Which of course is now my responsibility and this lunch celebrates the relaunch1 of my four most recent novels with a new publisher.

I have some confidence in this publisher and raise my glass in a cheerful toast. After all, she’s been editing my work for as long as I’ve been writing. Yes, you’ve guessed it: I’m relaunching my books as an independent publisher – and the step-up from writer to publisher after so long is exhilarating!

I applaud all those who have forged this path ahead of me and I look forward to the new adventures my publisher alter-ego will encounter.

  1. I was sad that my wonderful publisher Paul Stanier has closed Zaccmedia and moved on to other things but he has been most helpful in converting the book files and enabling me to enter the Amazon jungle to reissue my books – as paperbacks in the next three weeks, and as e-books for Kindle more quickly. I’ll keep you posted! ↩︎
Books, fiction, Mizpah Ring, Necklace of Lies, Novel, publishing, Research, Ring of Truth, Uncategorized, When the Boats Come Home, winter, Writing

New routes, new journeys

I like trains. Yes, I enjoy driving my car, but there’s something much more holiday-like about going somewhere by train. I was thinking about renewing my Senior Railcard (30% off ticket prices) and working out that if I could get myself to Norwich, I could get to Glasgow in two short hops with a stop in Birmingham in between – train drivers’ strikes permitting.

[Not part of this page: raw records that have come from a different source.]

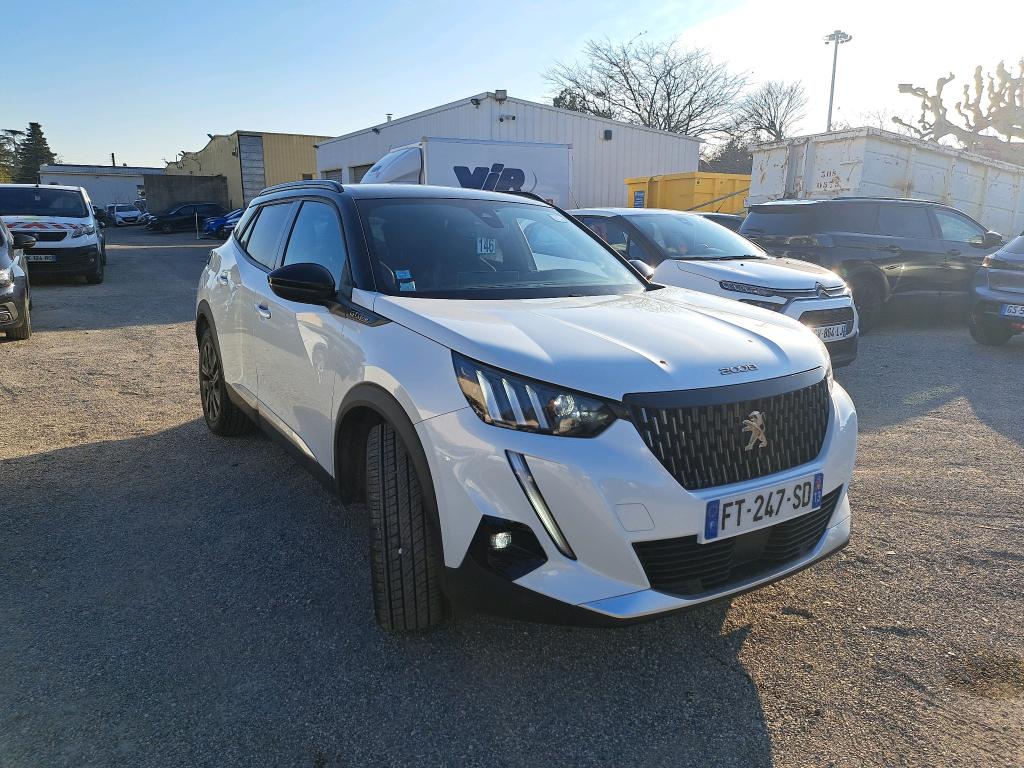 Peugeot 2008 PureTech 130 S&S BVM6 GT Line 2020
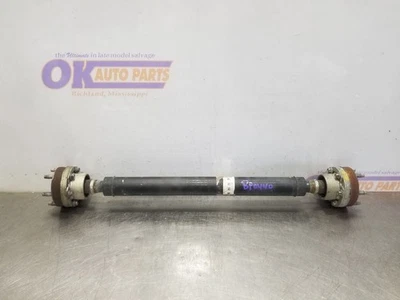 17 2017 GMC CANYON ALL TERRAIN DIESEL 2.8L 4X4 FRONT DRIVE SHAFT 84076334 Foto 1 de 4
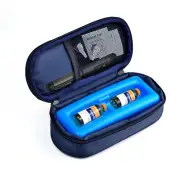 Insulin Cooler Bag Ice brick for Insulin Bag Insulin Case Carrying Case Cooler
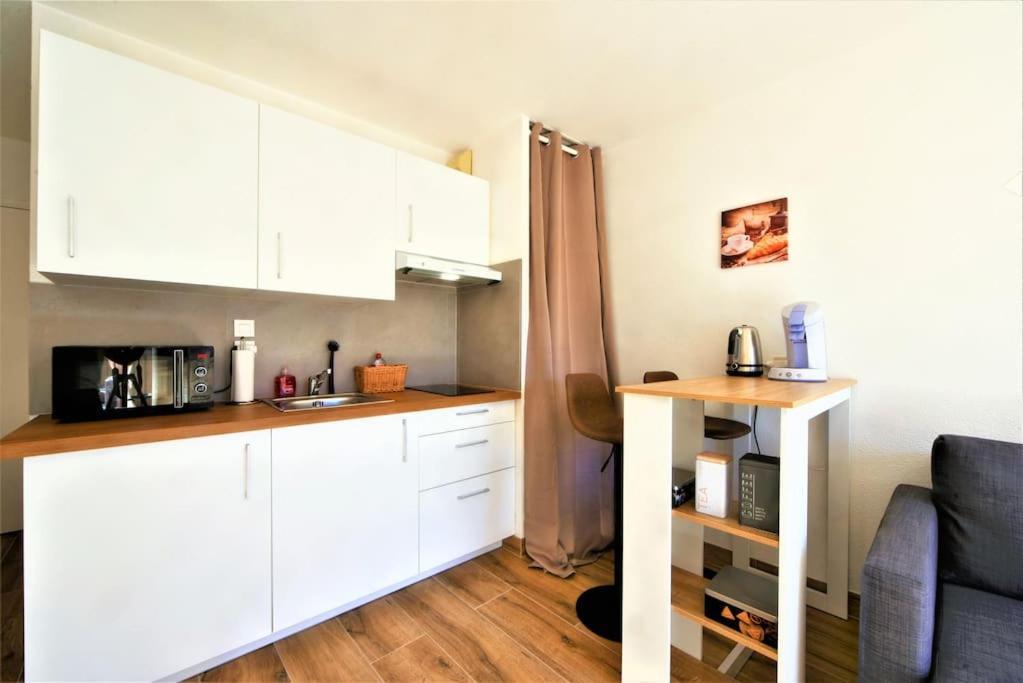 Embnb - Studio Near Geneva - S204,4 Etrembieres Eksteriør billede
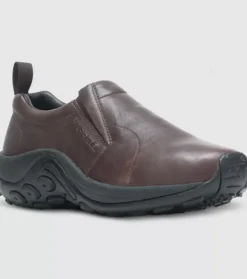 Hot Jungle Moc Leather 2 Mens Men Outdoor & Hiking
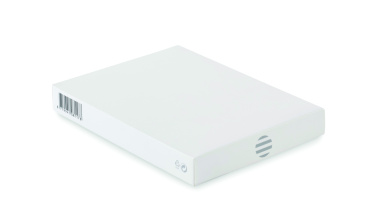 Logo trade liikelahja kuva: Passinkannet ja matkalaukku tagi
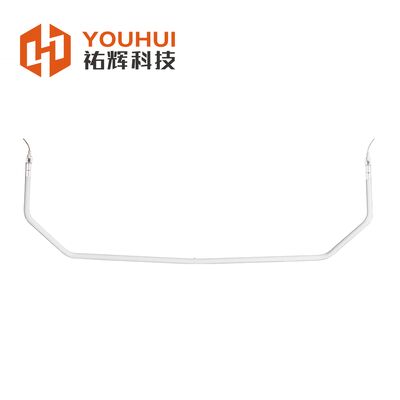 качество 3D неравномерная кварцевая лампа с 5000 часами службы и мощностью 200-4000 Вт для промышленного инфракрасного отопления Фабрика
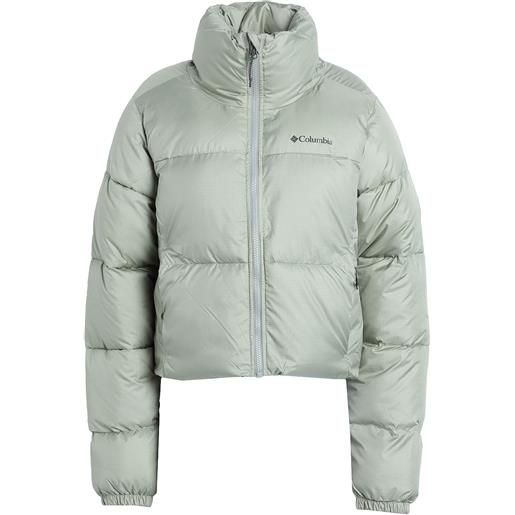 COLUMBIA puffect™ cropped jacket - piumino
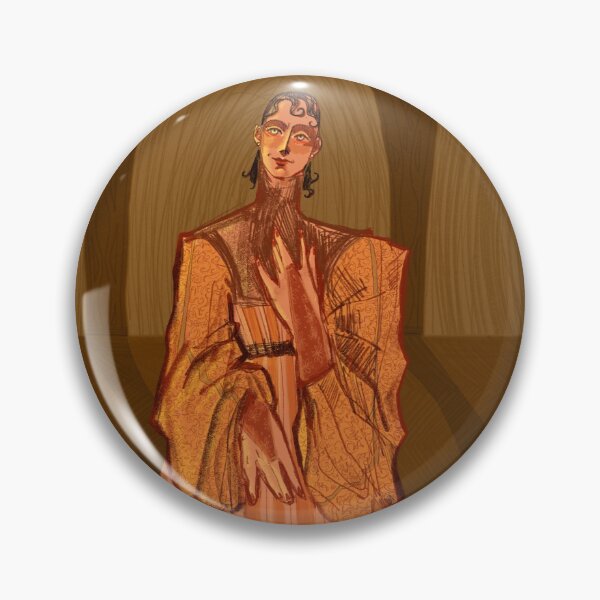 Item preview, Aristocratic Lady designed and sold by Graphic-Berry.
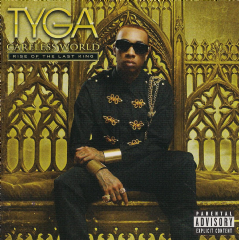 Careless World - Rise Of The Last King (CD)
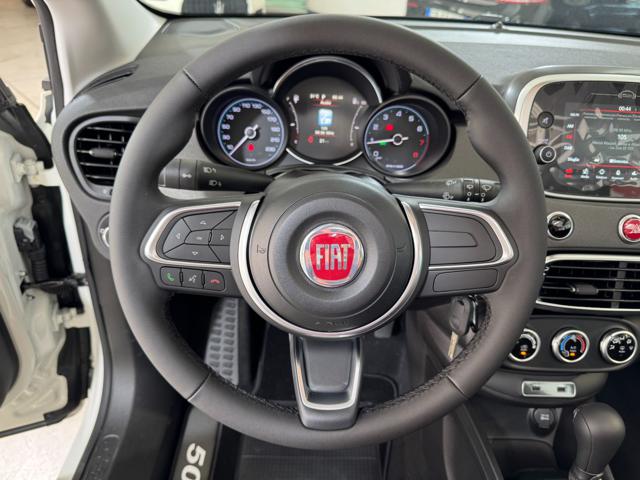 FIAT 500X usata, con ESP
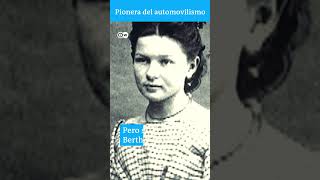 Bertha Benz pionera del automovilismo [upl. by Maltzman]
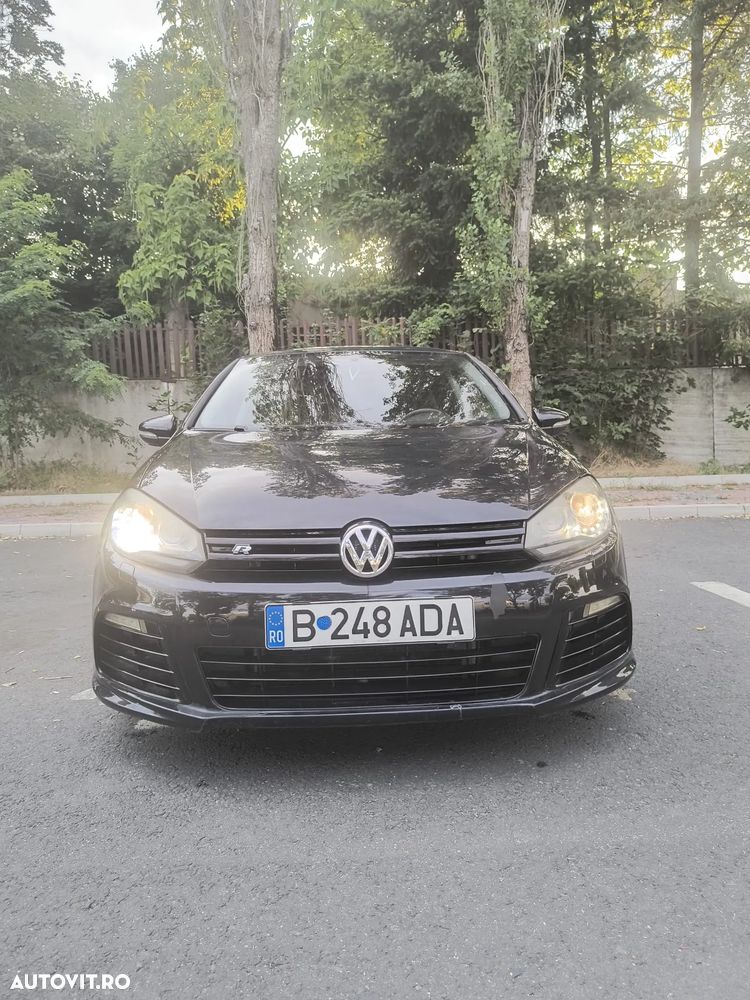 Volkswagen Golf 1.4 TSI Sportline DSG - 5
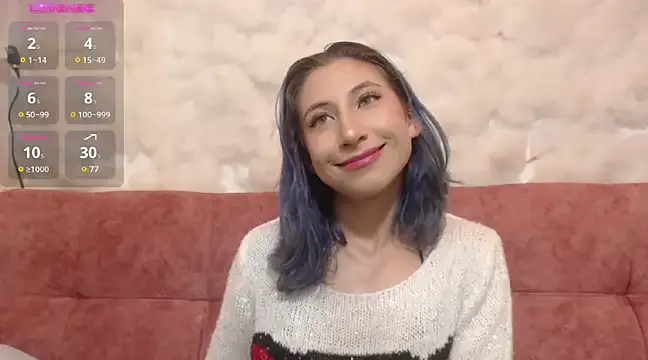 Snapshot of SkarletJhonson_ chatting on December 5, 2024, 3:48 am SkarletJhonson  online show from December 5, 2024, 3:48 am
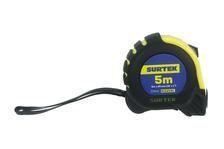 Huincha de medir carcasa anti-impacto 5m x 1 b122081 surtek-2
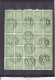 Delcampe - IMPRESSION DE BELGRADE / DENT 11 1/2 DéFECTUEUSE /30 P VERT-JAUNE /N° 59 Y ET T / UN LOT DE 275 TIMBRES 2° CHOIX / 1921 - Portomarken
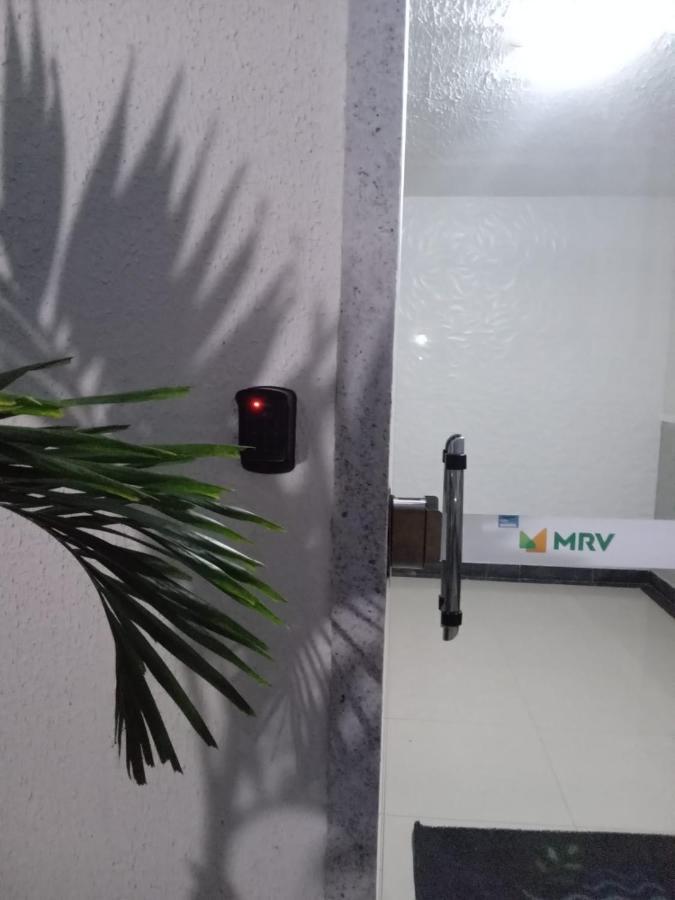 Apartamento Mobiliado Para Temporada Em Condominio Fechado โจเอาเปสโซอา ภายนอก รูปภาพ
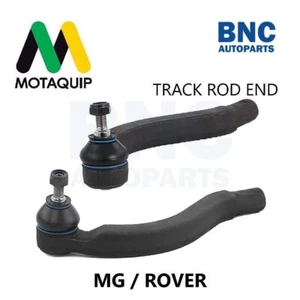 TRACK / TIE ROD END PAIR for ROVER 75 1999 - 2005 - MQ - Picture 1 of 1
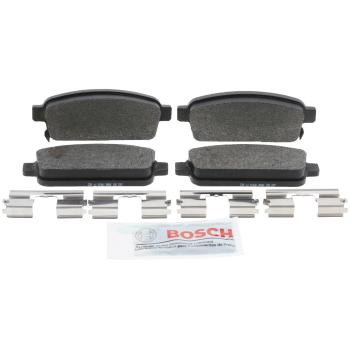2017 Buick Encore Disc Brake Pad Rear Bosch BE1468H image 4 of 4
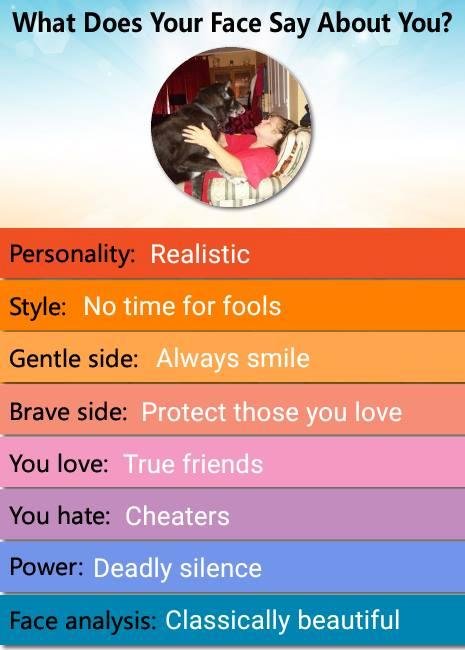 This is me ok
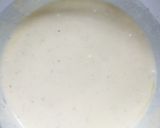 夏野菜の冷製チーズフォンデュ風作り方2写真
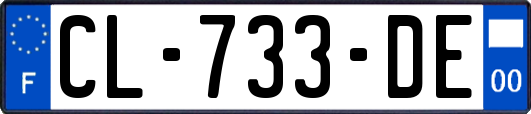 CL-733-DE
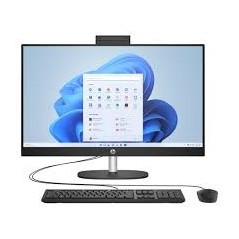 Ordinateur HP All-in-One 27-cr0051nk  i7-1355U 16Go/512Go SSD Touch 27Pouce FreeDos 3.0 Jet Black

The idea was to spend a few pleasant days doing research on… yes, the book that won’t let go. I’ve had yet another recent bash at it: 14 pages before I ground to a halt. Then I indulged in some blatant displacement activity: moving furniture, bookcases, boxes… And came across a fat lever-arch file

with six different starters of several chapters and one two-thirds-complete typescript.

(The index card reveals my writing process – one hour in the morning, print out the output, and keep a record of the word count… to encourage me as the numbers and pages add up!)

But, like a train where something has gone wrong, I seem to run into the buffers every time with this book. Including this time when I thought it might be a good idea to complete and have the sequel to the Mizpah Ring trilogy ready to publish, to accompany the reissue and relaunch of books 1 to 3, and my first novel, When the Boats come Home (now generally unavailable except second-hand).

The reason is that my publisher has gone out of business but, bless him, he has converted the book files for me so I can upload them to Amazon as print and e-books – this is work-in-progress! A companion new book seemed a good idea. And then I hit the buffers.

But wait! Much though I like trains, I am not a train! I am not trapped to run on rails! I can hop off and take a different route – and suddenly it crosses my mind, maybe the reason each attempt to write Book 4 has fizzled out is because I’m telling the story (pardon yet another railway metaphor) on the wrong lines!

Maybe it’s time to take a fresh look at the characters and the story I wanted to tell and see if, hidden amongst all the attempts and versions, there is a much more interesting way to tell it. (I am much encouraged by author Bonnie Garmus of Lessons in Chemistry fame – her book sold 6 million copies and has been translated into 42 languages – and took five years to write!)

Just as well our weather is currently beastly – it’s excellent weather for staying home and pondering book plots and ideas!